Da sempre tua, Cynthia.

 

 

domingo, 9 de junho de 2024

Dias mágicos


 Acredito que todos tenham dias ou momentos mágicos, que saem da órbita monótona dos dias, que se elevem como sonhos e que residam numa impressão, numa sensação tão forte que nada os abala. Foi assim, naquele dia em que cheguei a Veneza, entrando nela pelo Grande Canal, e desembarcando na Praça de S. Marcos. Só que daquela vez, foi tudo diferente, uma orquestra tocava numa das esplanadas, apenas essa orquestra tocava nessa noite, naquela praça, o Bolero de Ravel. E dei por mim a dançar, numa praça semi-vazia, há muitos anos, ao som da música crescente, crescendo também a meus olhos a Basílica de S. Marcos, dourada, brilhando na noite. Lembro-me que a música durou exactamente o tempo da travessia da Praça, com o seu culminar, e o culminar da minha dança em frente à Basílica. Para sempre na minha memória como coisa mágica, uma oferta do acaso a quem, como eu, ama aquela cidade. E outros dias há, assim, mágicos, em que tudo daparece em volta dessa memória, desses momentos sem tempo, como aquele, na Costa onde tínhamos casa com alicerces enterrados na areia aveludada, com um grande avarandado onde jantávamos ao pôr do sol, mas naquele dia, diferente. Pousámos os talheres quando nos demos conta de que o mar estava negro, a temperatura morna e o sol dourado já próximo da linha do horizonte e, numa espécie de hipnotismo comum, cerca de dez pessoas, largaram a refeição e entraram, sem palavras e sem qualquer razão lógica, pelo mar adentro, e o mar estava quente e as algas verdes escuras eram aquelas que lhe davam aquela tonalidade negra. E lembro-me de homens e mulheres colocarem as algas no pescoço como se fossem colares vivos, e de nadarem e rirem até escurecer. Dias perfeitos e mágicos, sem perguntas nem respostas, apenas a adesão a eles, como se lhes pretencessemos desde sempre. Outros há, para descrever, embora a escrita não chegue a eles, nem dê sequer a intensidade da sua memória. 

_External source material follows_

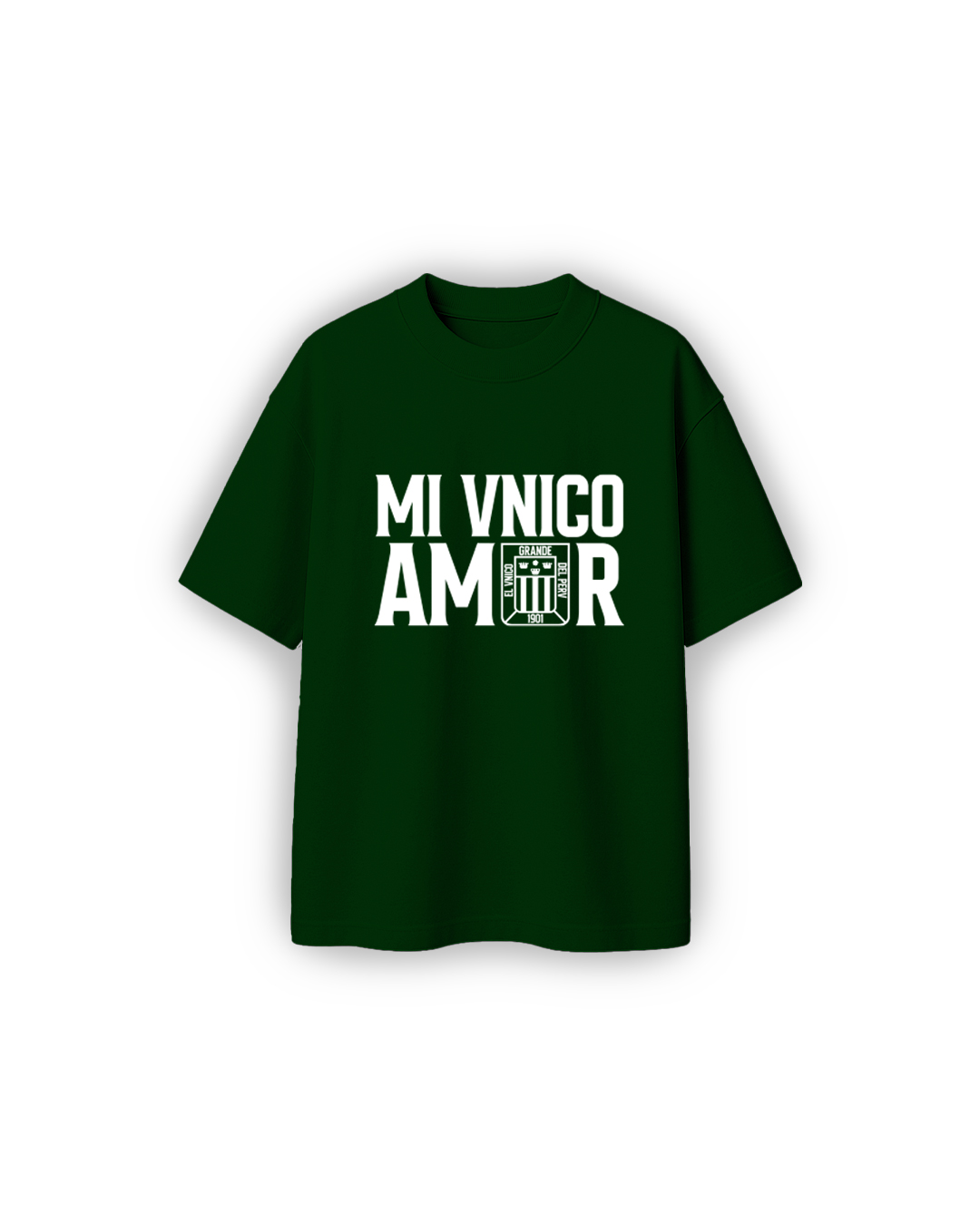 MI VNICO AMOR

domingo, 5 de maio de 2024

O drama


 O drama do teatro em vida é que este ocupa tudo, a atenção, o palco, o cenário, o tecto da casa de espectáculos, os atores, o texto, a ideia, as luzes, os trajes, os sons. Ocupa de tal forma tudo que mais nada se passa e o espírito afasta-se por não ser necessário. Isto quando é bom teatro, porque o mau ainda ocupa mais lugar no pensamento. A força da memória aparece como uma musa falante: "O teatro é a queda do Rito". É muito raro conhecer alguém que utilize o teatro para que o Espírito faça a sua aparição.  Na verdade, só conheci uma pessoa capaz disso, todas as outras necessitam de rito como de pão para a boca e uma das coisas que aprendi com essa pessoa, foi a reconhecer aqueles que tentam,  em vão, fazê-lo. A forma de reconhecer passa pelo coração e daí que não haja volta a dar a alguns candidatos a atores-mestres. Continuam perpetuamente no limbo que o seu teatro proporciona. Mas como o espectáculo começa e acaba com eles, o drama é total. O Espírito nem espreita por falta de espaço. Quando estamos perante Ele através daquele único que conheci, Ele brilha como uma jóia na noite. Exactamente  o contrário da máscara. A memória é um forte. O Espírito é a Hora.